The tokenizer splits by paragraphs, which gives this kind of structure:
(("text of paragraph 1") ("text of paragraph 2"))
Then, the tokenizer finds the special characters to split up words. There is then this kind of structure:
(("text of " "*paragraph 1*" " yes man") ("[text of]" "[0]" " wesh"))
This kind of structure is passed to the parser.
The parser goes through each paragraph.
-
If it's a 2-lines paragraph and has === or --- as second line, it returns this kind of structure:
(h1 . "text of h1")
-
If each line starts with #, numbers (in the correct order), - or *, it returns this kind of structure:
(ul . ((li . "text 1") (li . "text 2")))
-
Else, it returns this kind of structure:
(p . "text of the paragraph")
-
It goes through each special character (if the string starts with a special character, then it means it was tokenized before) and replaces accordingly.

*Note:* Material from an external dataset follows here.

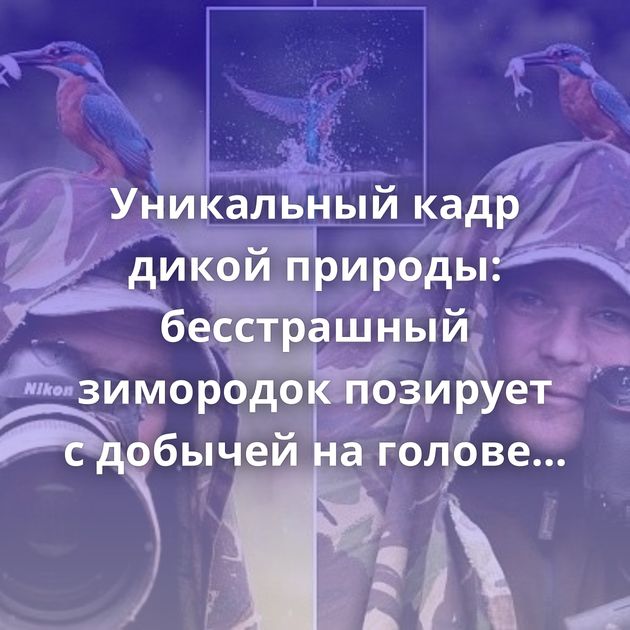 Уникальный кадр дикой природы: бесстрашный зимородок позирует с добычей на голове фотографа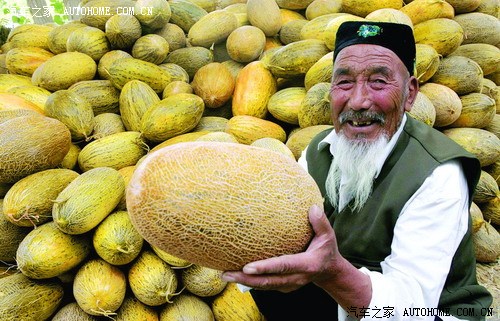 我的家乡美丽的新疆哈密人的淳朴热情大方好客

Basically it reads the structured returned by the parser and spits out the correct HTML.
Some text
===
and another
text
in a *paragraph 1* but yeah
- you [got it][0]
[0]: http://google.fr
Tokenizer:
(
("some text\n===")
("and another\ntext\nin a " "*paragraph 1*" " but yeah")
("- you " "[got it]" "[0]")
("[0]:" " http://google.fr")
)
Parser:
(
(h1 . "some text")
(p . (("and another text in a ") (em . "paragraph 1") ("but yeah")))
(ul . ((li . ("you " (a . (:text "got it" :href "http://google.fr"))))))
)
AST to HTML:
<h1>some text</h1>
<p>
and another text in a <em>paragraph 1</em> but yeah
</p>
<ul>
<li>you <a href="http://google.fr">got it</a></li>
</ul>